Ragupathy Kannan: Petrels to Pilot Whales, August 30, 2019

NOAA Teacher at Sea

Ragupathy Kannan

Aboard NOAA Ship Gordon Gunter

August 15-30, 2019

Mission: Summer Ecosystem Monitoring

Geographic Area of Cruise: Northeast U.S. Atlantic Ocean

Date: August 30, 2019

Weather Data from the Bridge

Latitude: 40.72218
Longitude: -69.45301
Water temperature: 19.8 degrees Celsius
Wind Speed: 5.25 knots
Wind Direction: 87.06 degrees
Air temperature: 23.2 degrees Celsius
Atmospheric pressure: 1006.85 millibars
Sky: Cloudy

Science and Technology Log

We’ve had a flurry of whale sightings as we passed over the famous Stellwagen Bank National Marine Sanctuary.  It’s a small underwater plateau in Massachusetts Bay flanked by steep drop offs.  Nutrients from the depths rise up by upwelling along the sides, feeding phytoplankton in the shallow light-abundant waters, and this creates perfect feeding habitat for whales.
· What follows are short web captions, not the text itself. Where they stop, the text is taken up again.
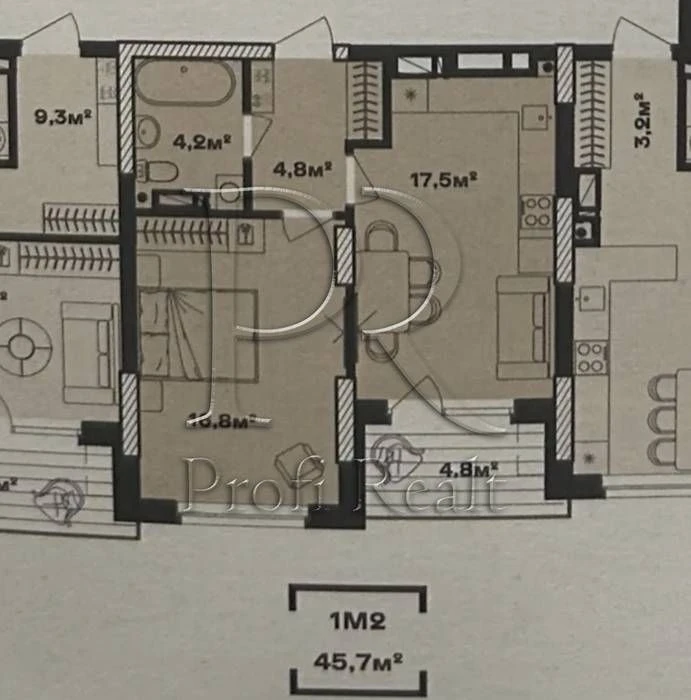 For sale 1 room apartment NEW REPAIR VIDOVA ZhK KUB29 Bereznyaki/Ru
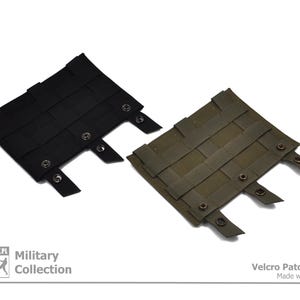 Velcro Patch Panel Molle (25 mm) - size 6" x 8.5" (15 x 21 cm) - OEM image 5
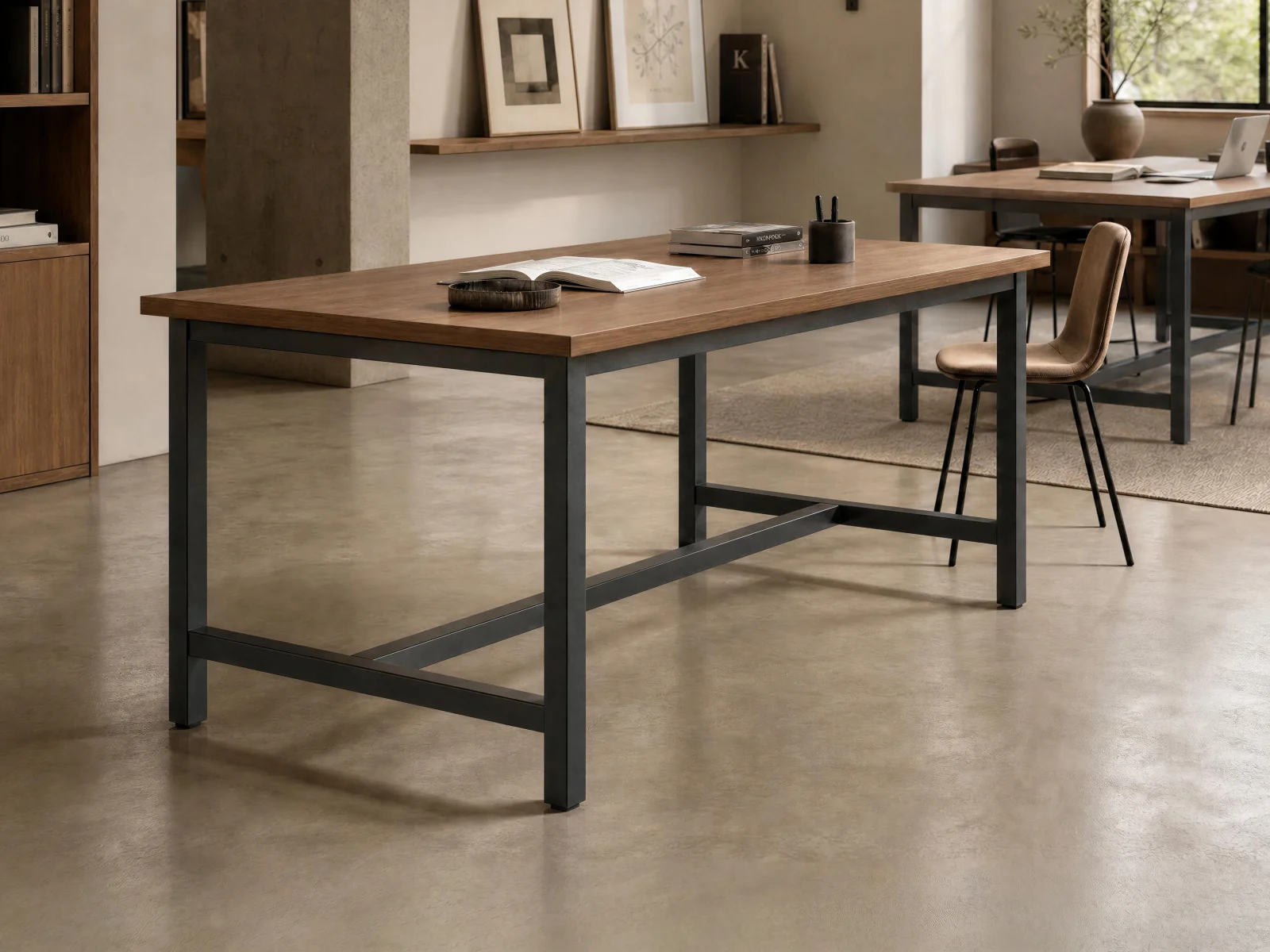 Artisan table in a Workplace setting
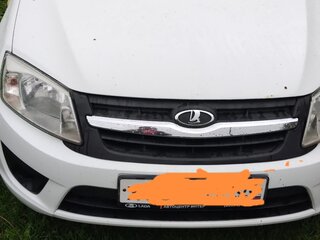 2017 Lada (ВАЗ) Granta I, белый, 290000 рублей, вид 1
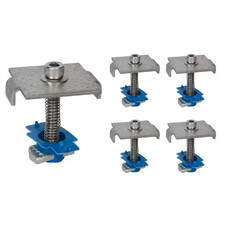 Steel Solar Panel Mid Clamp with Bolt, Cone Nut, and Spring for 1-5/8 In. Strut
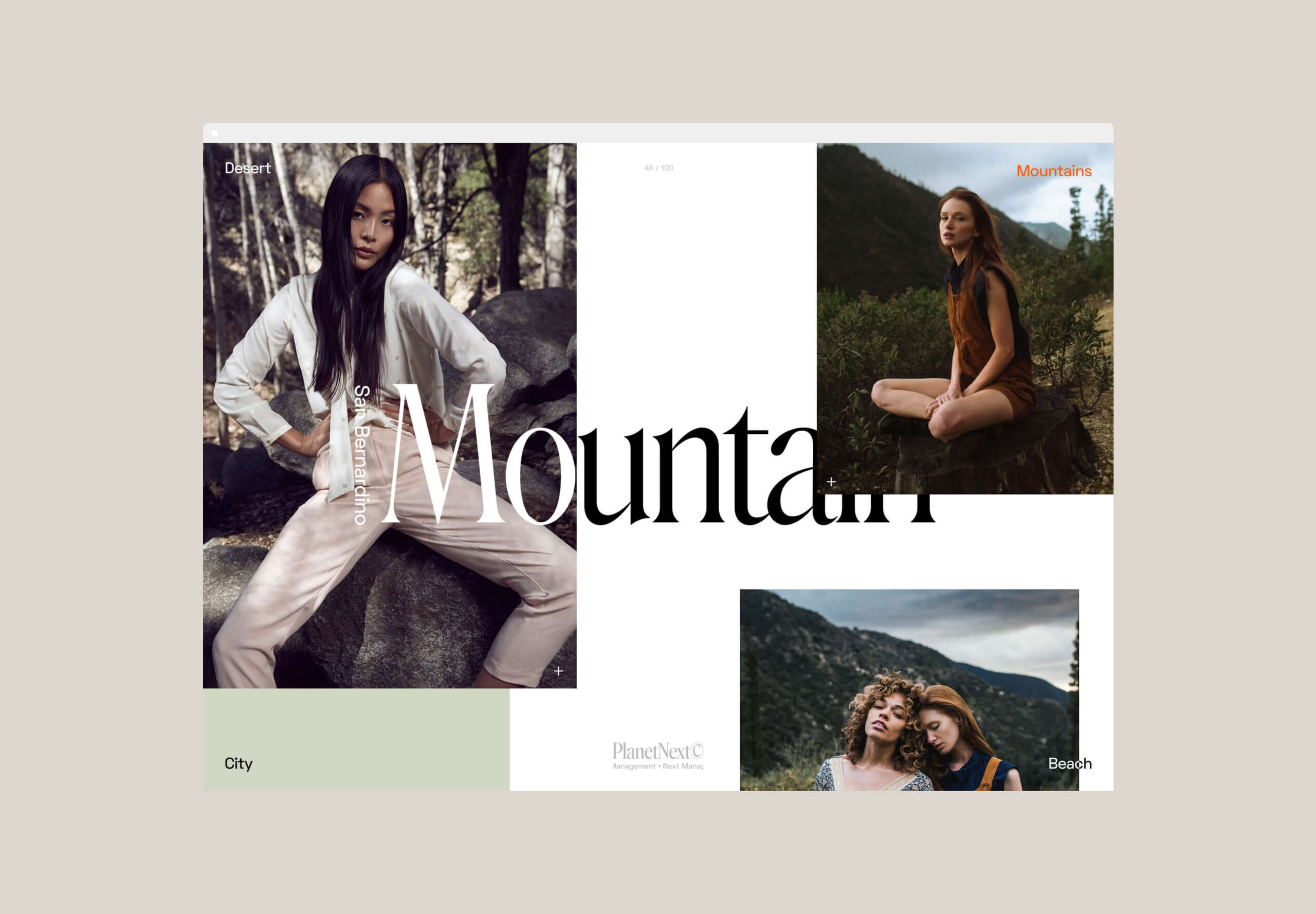 Mountain-mock Mountain-mock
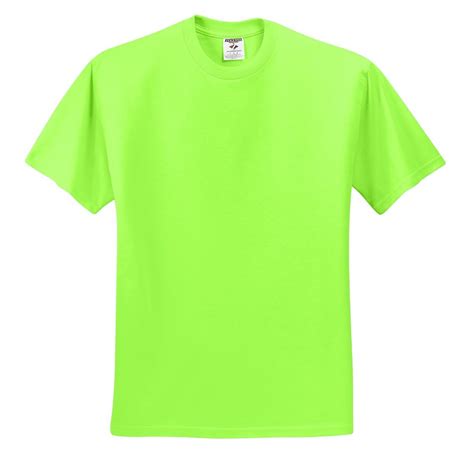 jerzees  heavyweight blend  cottonpoly  shirt neon green fullsourcecom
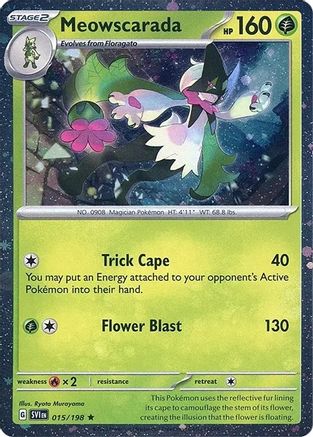 Meowscarada (Cosmos Holo) 015/198  - Holofoil Miscellaneous Cards & Products - Rare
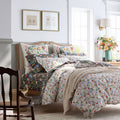 Strawberry Fields Classic Cool Cotton Percale Comforter - White Multi, Twin/Twin XL
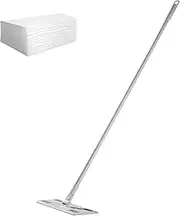 ISSIECONIC Sweeper 2 in 1 Mops Kit, 1 PC Swift Mop & 20 PCS Refills, Disposable Dry& Wet Mopping Cloth, Multi-Purpose Cleaning Mop with Extra Long Handle, Easy to Install and Toss Away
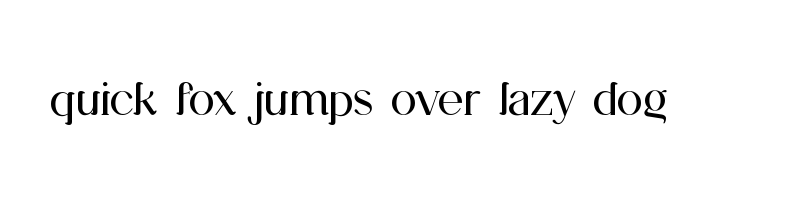font preview of Kinematical
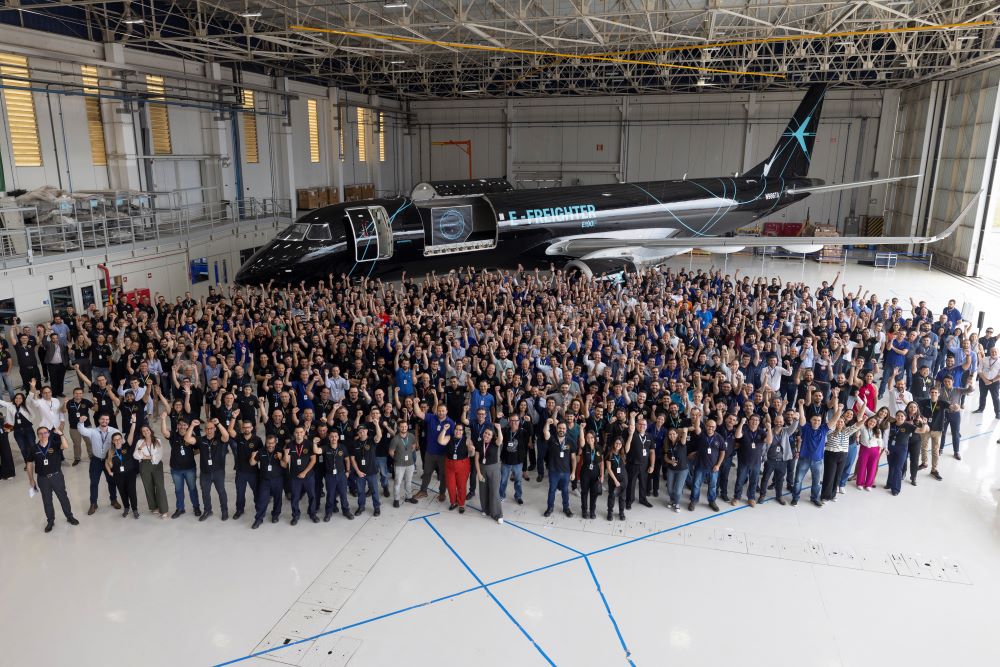 Embraer recibe premio por su programa E-Freighter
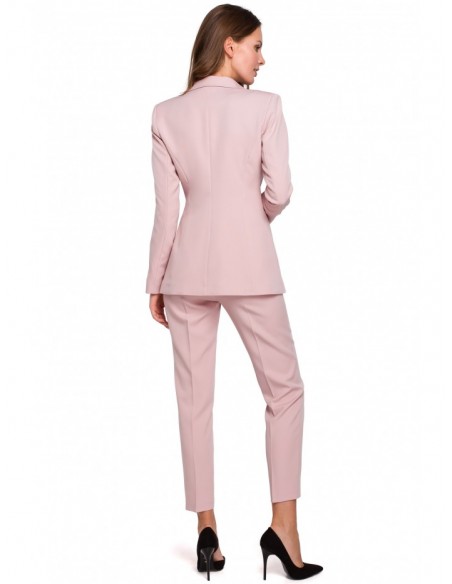 K036 Single buttom blazer - crepe pink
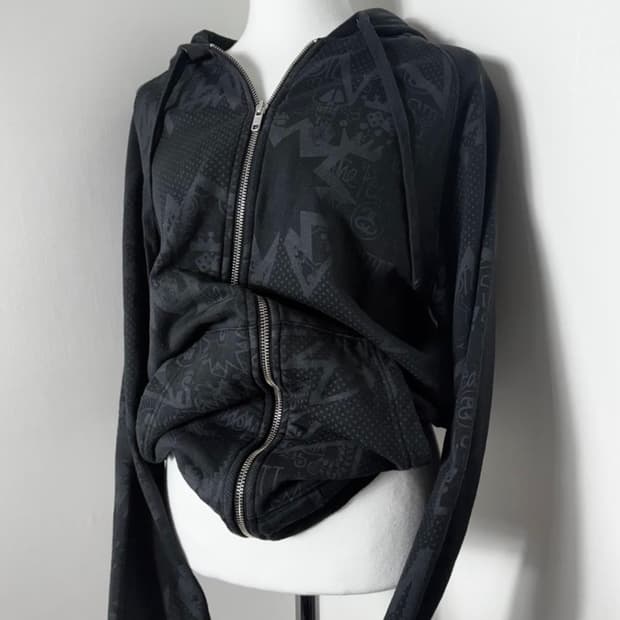 스투시 올드후드집업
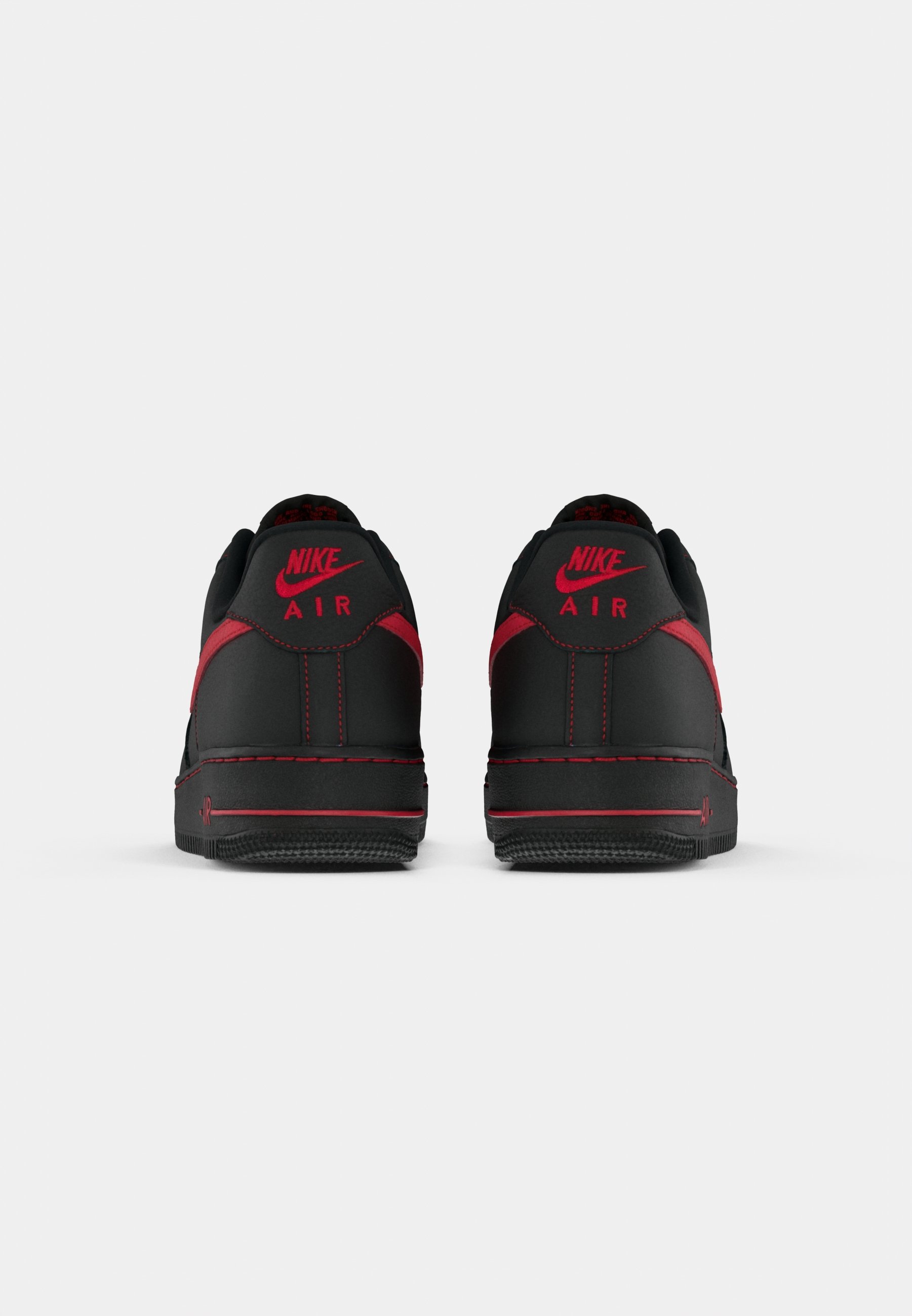 nike air force anthracite black red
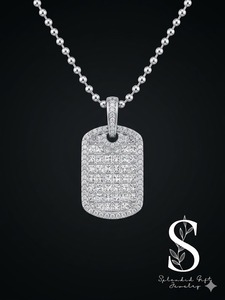 Iced Out Men's Dog Pendant Necklace Sterling Silver Baguette Moissanite Charm Bling Hip Hop <b>Chain</b> Jewelry Gift - Product Image 1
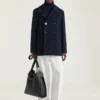 Borsa hobo media con cintura in pelle martellata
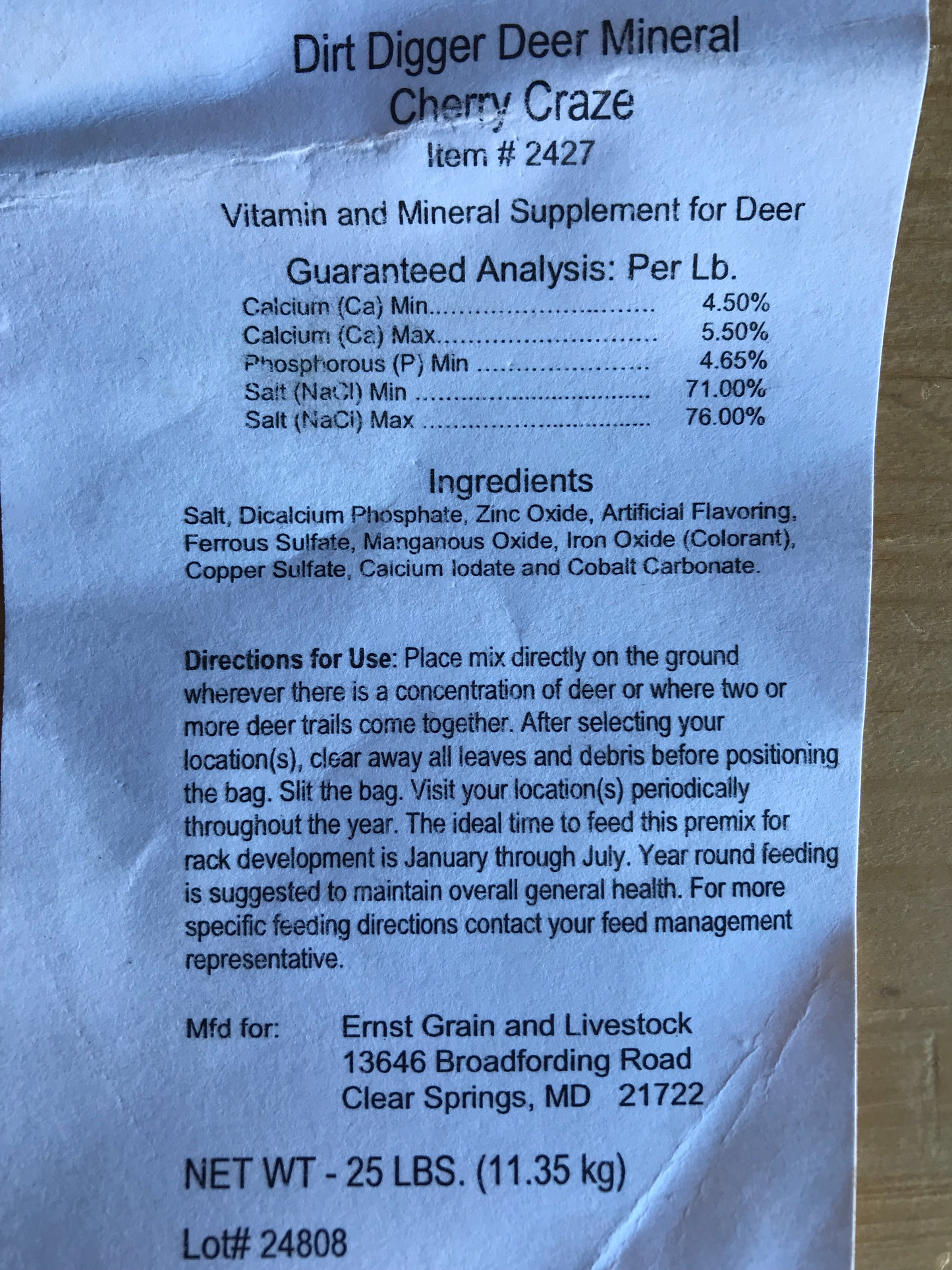 Ernst Grain’s Cherry Craze Deer Mineral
Much of my time aboard this ship has been on the flying bridge (the highest point of access for us on the ship) scanning the seas for marine vertebrates.  I have basically been an extra pair of eyes to assist my colleagues Chris Vogel and Allison Black, the seabird observers on board.  From nearly 50 feet high above the water, the flying bridge gives nearly unimpeded 360° views of the horizon all around.  I call out any vertebrate animal seen—fish, birds, reptiles, or mammals.  Chris and Allison enter all of our data in a specific format in a software program called SeaScribe. 

To calculate densities of each species, we need an estimate of how far the animal is from the ship for each sighting.  For that we use a rather low tech but effective piece of equipment.  The pencil! 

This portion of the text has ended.